- Trinity Communion Church
- 43°13′07″N 77°36′31″W﻿ / ﻿43.2185°N 77.6086°W
- Address: 759 Winona Boulevard, Irondequoit, New York
- Country: United States
- Denomination: Anglican Church in North America
- Website: trinitycommunion.org

History
- Former name: All Saints Episcopal Church
- Founded: 2004
- Dedication: The Trinity

Architecture
- Style: Gothic Revival
- Completed: 1927

Administration
- Diocese: Christ Our Hope

Clergy
- Rector: Eric Ockrin

= Trinity Communion Church =

Anglican church in Irondequoit, New York, US

Trinity Communion Church (TCC) is an Anglican church in Irondequoit, New York, United States. Founded in 2004 as part of the Charismatic Episcopal Church, the congregation has been part of the Anglican Church in North America (ACNA) since 2024. In 2007, the church acquired its building in Irondequoit, which was built in 1927 for All Saints Episcopal Church. All Saints later left the Episcopal Church during the Anglican realignment, and the building was the subject of a lawsuit by the Episcopal Diocese of Rochester.

==History==
===Church building===
The impetus for a new mission church in Irondequoit came in 1924, and services of the new mission began on All Saints' Day, November 1, 1925, at the Masonic temple. Services were later held at Seneca School. The cornerstone for the building was laid in September 1927 and the building was completed in December of that year. Notable early members included Judge John Van Voorhis.

At the beginning of the 21st century, in protest over the 2003 decision by the Episcopal Church's General Convention to consent to the election of partnered gay cleric Gene Robinson as a bishop, All Saints began withholding its assessments to the Diocese of Rochester.

In November 2005, the diocesan convention voted to dissolve All Saints as a result of the impasse over the $16,000 in unpaid assessments, and Bishop Jack McKelvey ordered the parish to turn over its property to the diocese. All Saints refused to vacate the property. In March 2006, the Episcopal diocese filed suit against All Saints, which had affiliated itself with the Church of Uganda. A state Supreme Court judge ruled in favor of the diocese later that year,

After this ruling, All Saints vacated the building for rented quarters in Rochester and eventually joined the nascent ACNA. Following the departure from the building, the church appealed the ruling, which resulted in the lower court being upheld by the New York Court of Appeals in October 2008. As of 2025, All Saints Anglican Church is part of the Anglican Diocese of the Great Lakes and meets in rented space in Greece, New York.

===History of Trinity Communion Church===
Trinity Communion Church was founded by a group of former Presbyterians in 2004 as part of the Charismatic Episcopal Church, which is unaffiliated with the Episcopal Church.
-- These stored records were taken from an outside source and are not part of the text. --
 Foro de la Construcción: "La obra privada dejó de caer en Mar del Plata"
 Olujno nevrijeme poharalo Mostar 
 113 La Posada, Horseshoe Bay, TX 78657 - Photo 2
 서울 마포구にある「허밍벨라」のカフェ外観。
It initially met at St. John Fisher University.

In July 2007, TCC purchased the former All Saints building from the Diocese of Rochester for $475,000. Its then-100 members moved into the building in September. In 2009, the church erected a 10 ft papier-mâché pink elephant on its front lawn to attract attention from the surrounding community and draw interest. "You can't ignore a pink elephant, just like you can't ignore God," then-pastor Robert Dalgliesh said.
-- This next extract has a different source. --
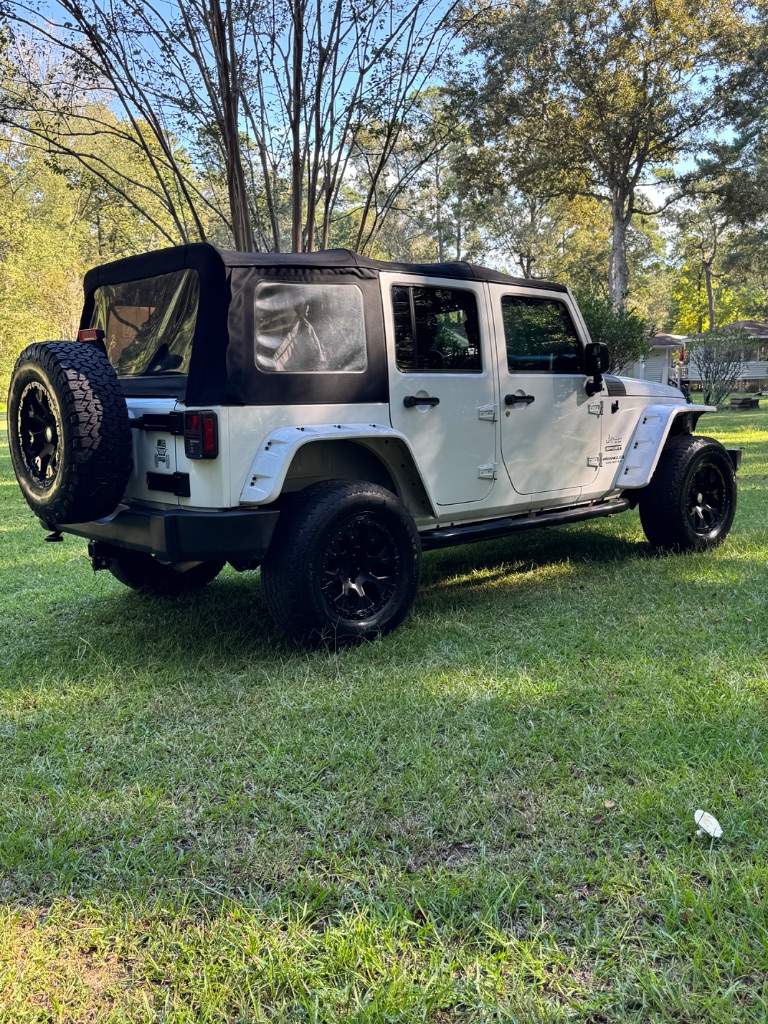 2015 Jeep Wrangler - $14,000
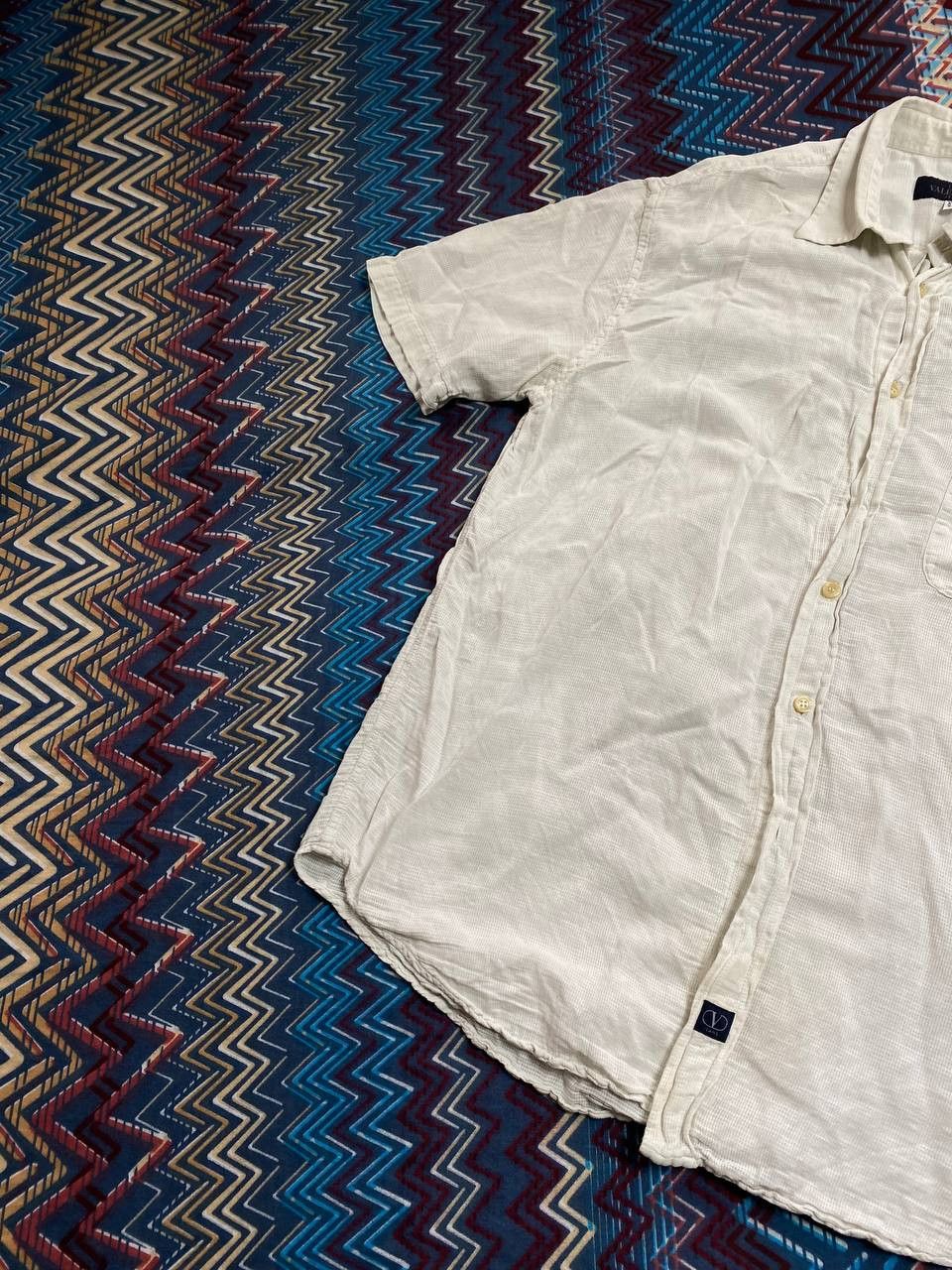 Valentino × Vintage Vintage Valentino Light Blue Pocket Logo Button Up Shirt Size US XL / EU 56 / 4 - 11 Thumbnail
In 2024, TCC was received into the ACNA's Diocese of Christ Our Hope.

==Architecture==
The main church building has three stories and includes a sanctuary, fellowship hall and youth center. A two-story wing includes church offices, a library and a children's education space.

==Churchmanship==
Trinity Communion Church represents the charismatic tradition within Anglicanism. The congregation offers a quarterly service in Swahili for its contingent of Congolese refugee parishioners, and it hosts a Sudanese congregation.